De hecho, no tenemos la menor idea de dónde está la frontera este de Jerusalén. ¿Está acaso a lo largo de la vieja línea fronteriza que dividía a Jerusalén? ¿Se encuentra a unos dos kilómetros de distancia al este de Jerusalén oriental? ¿O está a lo largo del río Jordán? En ese caso, adiós a Palestina. Trump le ha otorgado a Israel el derecho sobre toda la ciudad como su capital sin tener la más pálida idea de dónde está la frontera este del país, ya no digamos la frontera de Jerusalén.

El mundo estuvo contento de aceptar a Tel Aviv como capital temporal de la misma forma en que se hizo como que Jericó o Ramalá eran la capital de la Autoridad Nacional Palestina después de que Arafat llegó ahí. Pero no se iba a reconocer Jerusalén como capital israelí aunque Israel la reclamara como tal.

Entonces, cuando Trump comenzó su más exitosademocracia, afirmó que la gente de todas las creencias es libre de vivir y venerar según su conciencia. Confío en que no vaya a decirle eso a los 2 millones y medio de palestinos de Cisjordania que no son libres de entrar a Jerusalén para ejercer su religión sin un pase especial, o a la sitiada de Gaza que ni siquiera tienen esperanzas de llegar a la ciudad santa.

Pese a todo, Trump proclama que su decisión no es más que reconocer la realidad. Supongo que su embajador en Tel Aviv –quien presumiblemente se mudará a Jerusalén aunque sea a una habitación de hotel– se cree esta patraña, porque fue él quien aseguró que Israel tiene bajo ocupación sólo 2 por ciento de Cisjordania.

Esa nueva embajada, cuando se complete, se convertirá en un magnífico tributo a la paz según Trump. Viendo los búnkers en que se han convertido la mayoría de las embajadas estadunidenses en Medio Oriente, será un lugar rodeado de rejas blindadas y paredes de concreto reforzado en cuyo interior habrá pequeños búnkers para el personal diplomático. Pero para entonces Trump ya se habrá ido (...) ¿o no?

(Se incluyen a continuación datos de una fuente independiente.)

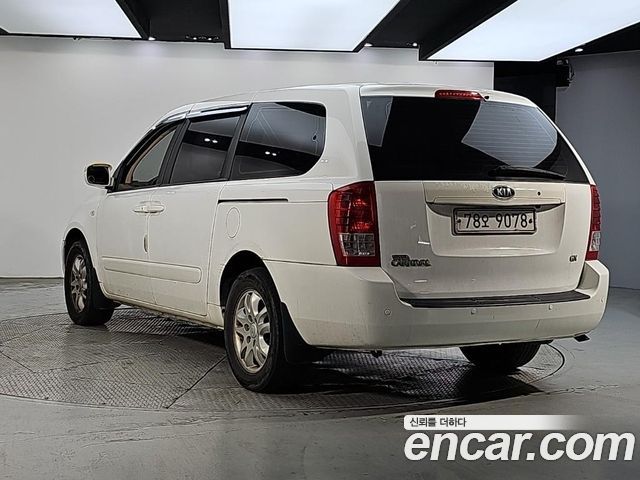 Kia Carnival LPI GX Deluxe — пробег 241 100 км — фото 3 из 5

Como de costumbre, nos enfrentamos a uno de los revoltijos de Trump. Quiere un gran acuerdo para los israelíes y palestinos, un acuerdo de paz que sea aceptable para ambas partes, pese a que esto no es posible ahora que él le concedió la totalidad de Jerusalén a Israel como su capital antes de que existieran las conversaciones sobre el estatus final que el mundo aún tiene la esperanza de que ocurra entre ambas partes. Pero si Jerusalén es uno de los temas más sensibles de estas pláticas, si iba a haber desacuerdo y disenso sobre su anuncio –todo lo cual él admitió– entonces ¿para qué demonios tomó la decisión?

Para cuando cayó en la verbosidad estilo Blair, diciendo que el futuro de la región se ha postergado por el derramamiento de sangre, la ignorancia y el terror, el discurso de Trump se volvió ya insoportable porque nadie tiene estómago para semejante cantidad de mentiras.

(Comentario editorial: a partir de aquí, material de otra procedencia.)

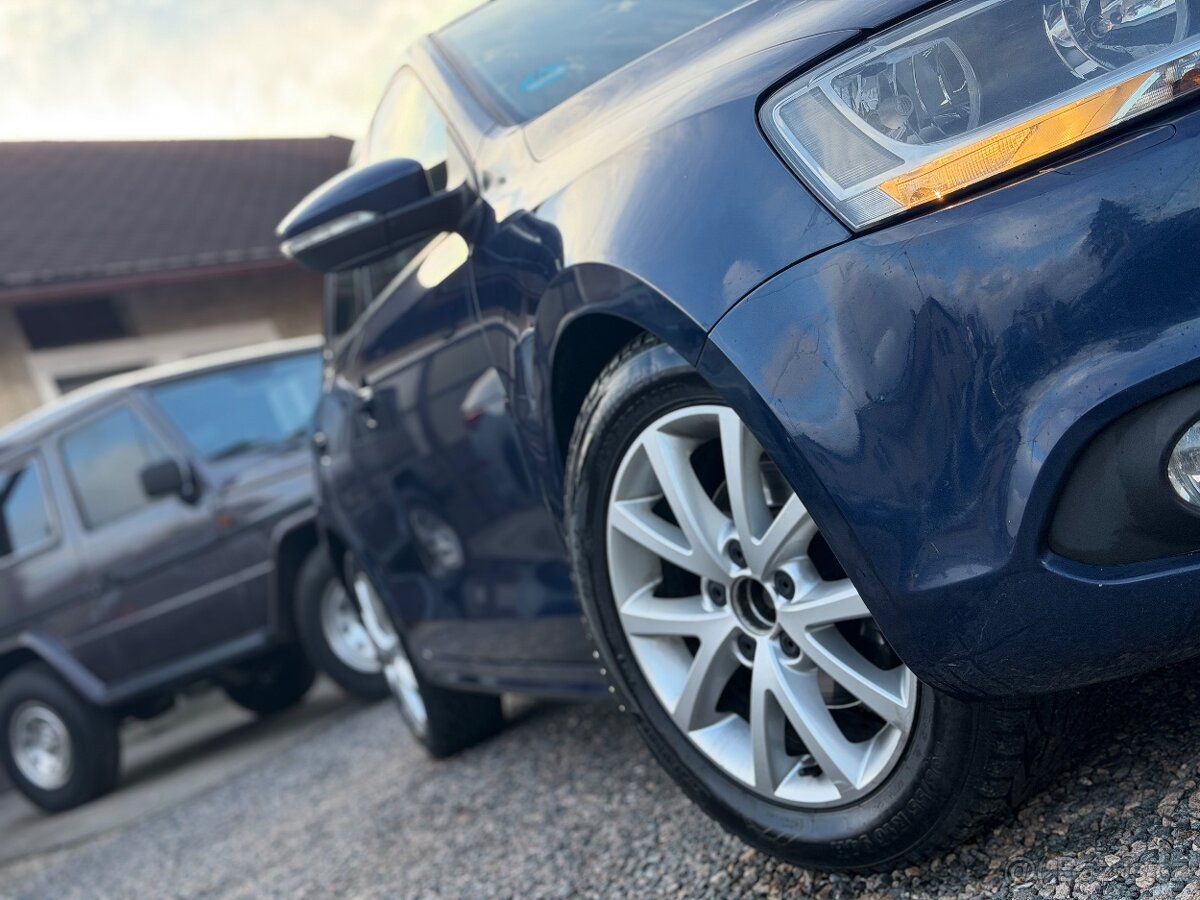 VW Jetta 1.6TDi NAVI-MANUAL-SERVIS - 10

Si se supone que la gente va a responder al desacuerdo con un debate razonado y no con violencia ¿cuál es el objetivo de reconocer a Jerusalén como capital de Israel? ¿Promover un debate, por todos los cielos? ¿Es eso lo que quiso decir cuando habló de “repensar viejas suposiciones?

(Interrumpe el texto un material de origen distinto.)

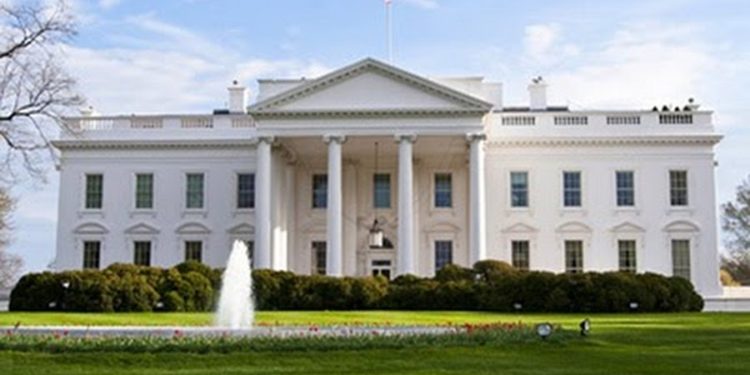 Nancy Pelosi: Donald Trump elnök visszaélt a hatalmával a Stone-ügyben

Pero ya fue suficiente de estas tonterías. ¿Qué nueva temeridad se le puede ocurrir a este miserable para decir más mentiras? ¿Qué pasaba por su mente confusa cuando tomó esta decisión? Claro: quiere cumplir sus promesas de campaña. Pero ¿cómo es que puede cumplir su promesa y no fue capaz, en abril pasado, de decir que la matanza masiva de millón y medio de armenios en 1917 constituyó un acto de genocidio? Seguramente porque temió molestar a los turcos, quienes niegan el primer holocausto industrial del siglo XX. Bueno, pues los turcos están muy molestos ahora. Quiero pensar que tomó eso en consideración.

Pero olvídenlo. El hombre está loco. Y le va a tomar muchos años a su país recuperarse de su último acto de insensatez.